------ Task input

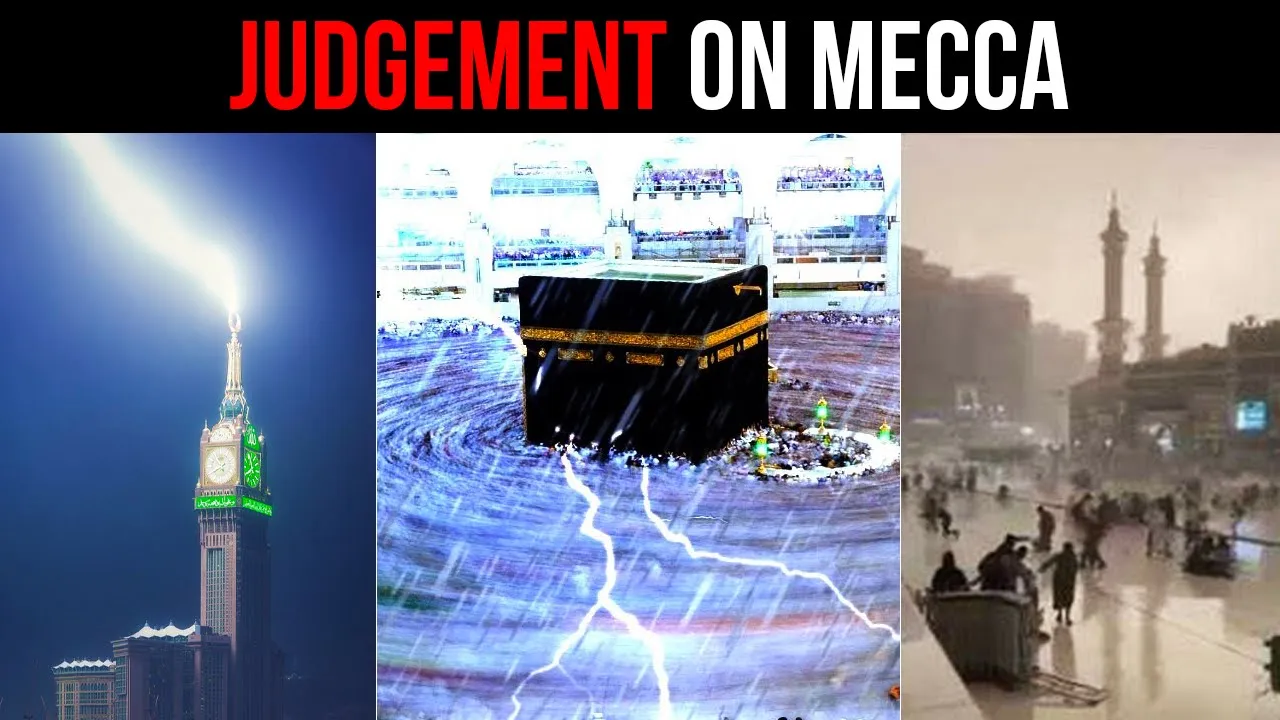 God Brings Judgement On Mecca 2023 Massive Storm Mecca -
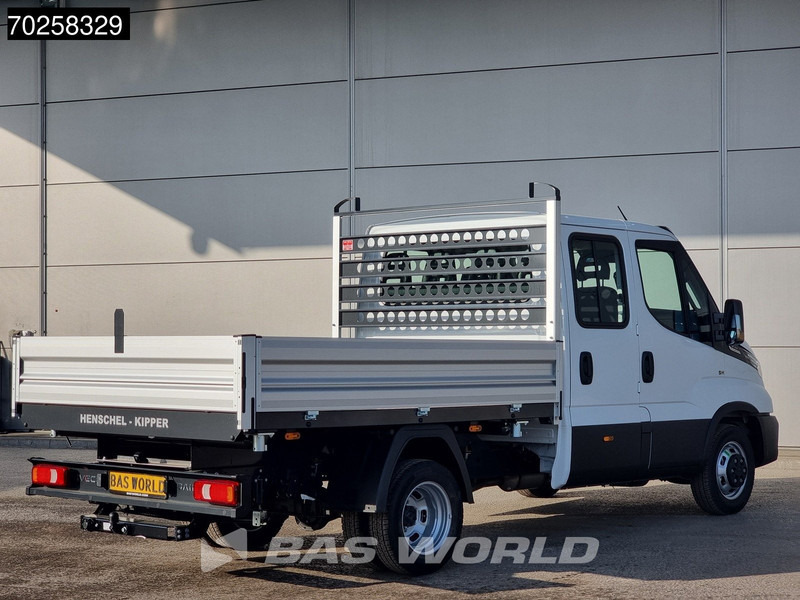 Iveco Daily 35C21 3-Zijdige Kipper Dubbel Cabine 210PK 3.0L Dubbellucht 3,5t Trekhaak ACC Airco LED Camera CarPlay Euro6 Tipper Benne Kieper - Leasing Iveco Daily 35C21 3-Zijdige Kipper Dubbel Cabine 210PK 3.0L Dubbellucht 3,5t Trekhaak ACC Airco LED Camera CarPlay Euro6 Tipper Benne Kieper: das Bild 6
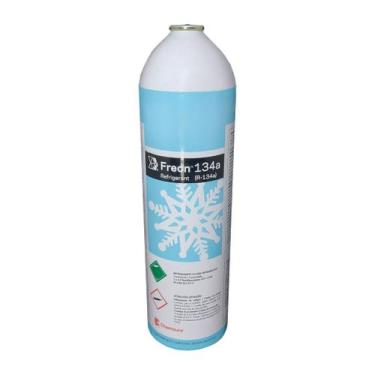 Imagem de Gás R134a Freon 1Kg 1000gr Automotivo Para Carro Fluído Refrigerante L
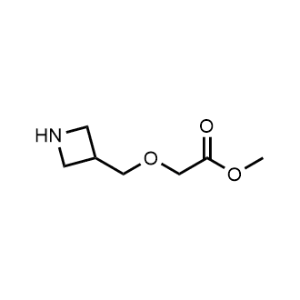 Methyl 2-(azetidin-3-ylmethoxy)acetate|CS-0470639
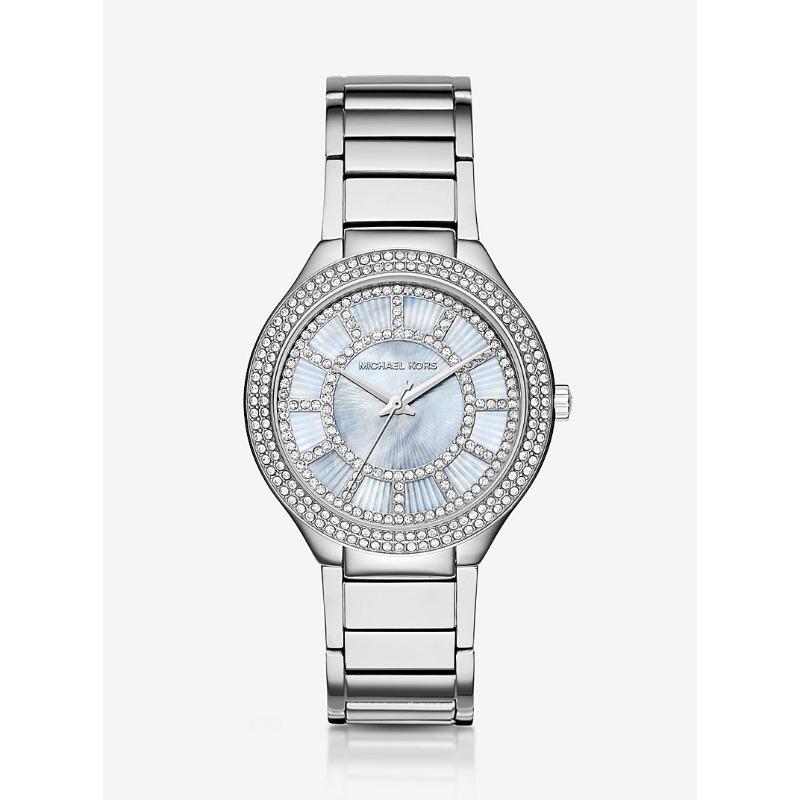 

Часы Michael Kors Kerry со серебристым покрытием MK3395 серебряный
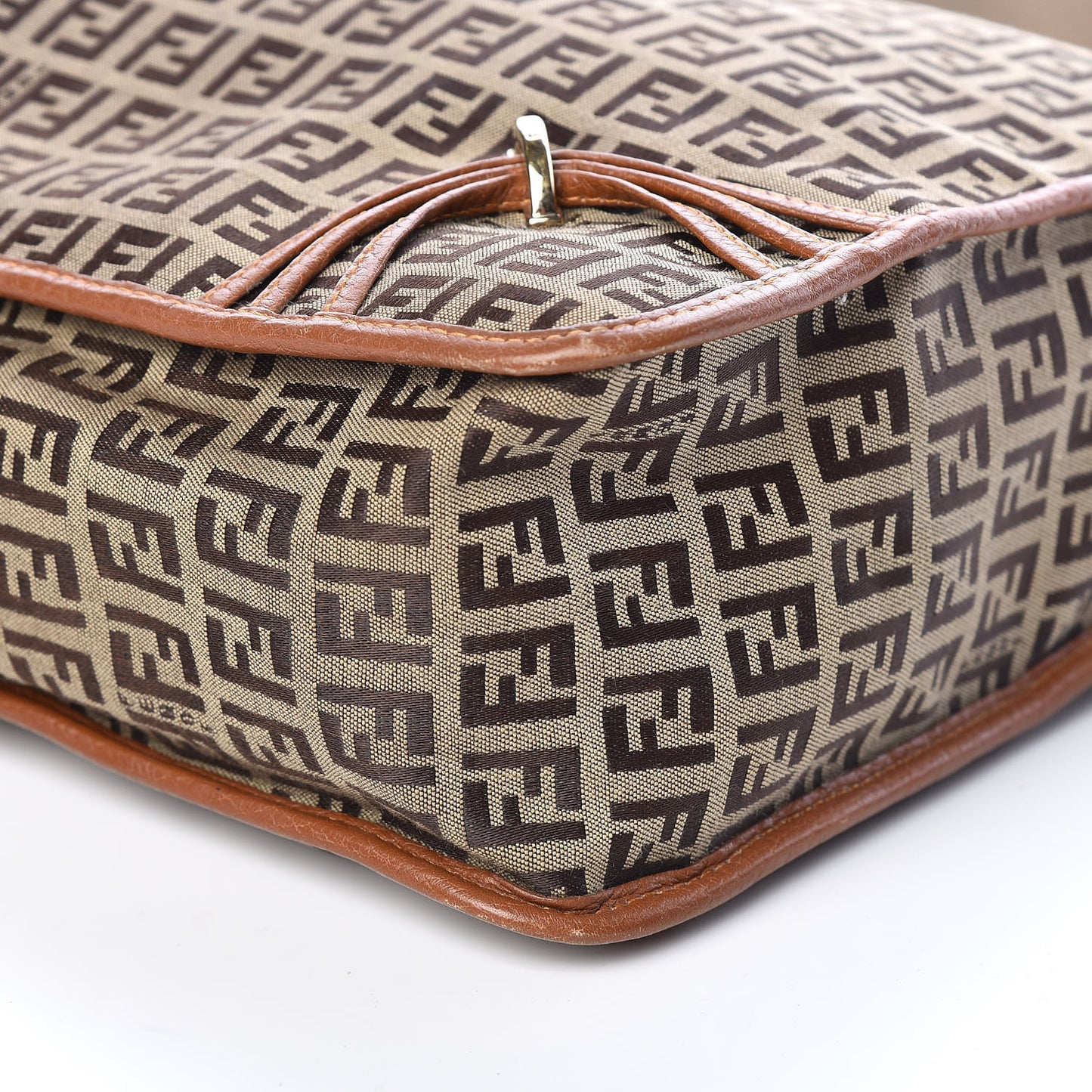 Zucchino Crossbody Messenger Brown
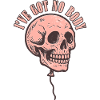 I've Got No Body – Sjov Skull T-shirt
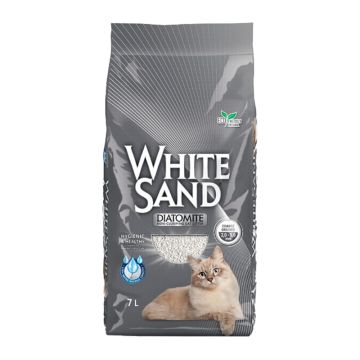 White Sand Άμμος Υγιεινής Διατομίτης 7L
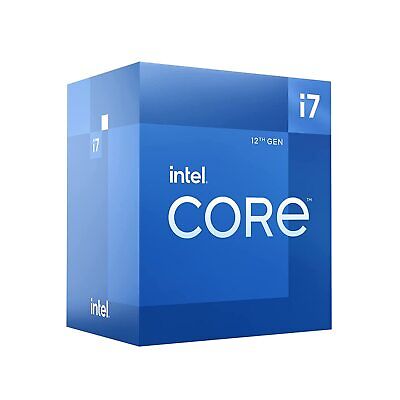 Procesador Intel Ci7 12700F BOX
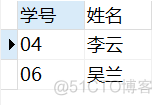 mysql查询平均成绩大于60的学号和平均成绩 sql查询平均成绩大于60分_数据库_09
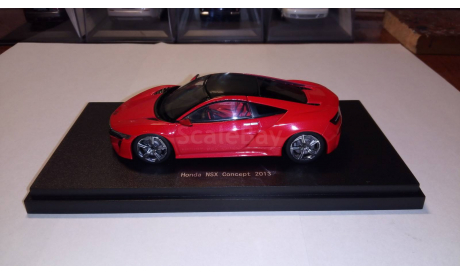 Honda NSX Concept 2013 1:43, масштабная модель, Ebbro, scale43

------------

#### Exercise
Reproduce the data above in full, exactly, with the images removed.

#### Written response
 God Brings Judgement On Mecca 2023 Massive Storm Mecca -
 Iveco Daily 35C21 3-Zijdige Kipper Dubbel Cabine 210PK 3.0L Dubbellucht 3,5t Trekhaak ACC Airco LED Camera CarPlay Euro6 Tipper Benne Kieper - Leasing Iveco Daily 35C21 3-Zijdige Kipper Dubbel Cabine 210PK 3.0L Dubbellucht 3,5t Trekhaak ACC Airco LED Camera CarPlay Euro6 Tipper Benne Kieper: das Bild 6
 Imagem de Gás R134a Freon 1Kg 1000gr Automotivo Para Carro Fluído Refrigerante L
 Methyl 2-(azetidin-3-ylmethoxy)acetate|CS-0470639

Часы Michael Kors Kerry со серебристым покрытием MK3395 серебряный
 Zucchino Crossbody Messenger Brown
 I've Got No Body – Sjov Skull T-shirt
 White Sand Άμμος Υγιεινής Διατομίτης 7L
 Procesador Intel Ci7 12700F BOX
 mysql查询平均成绩大于60的学号和平均成绩 sql查询平均成绩大于60分_数据库_09
 Honda NSX Concept 2013 1:43, масштабная модель, Ebbro, scale43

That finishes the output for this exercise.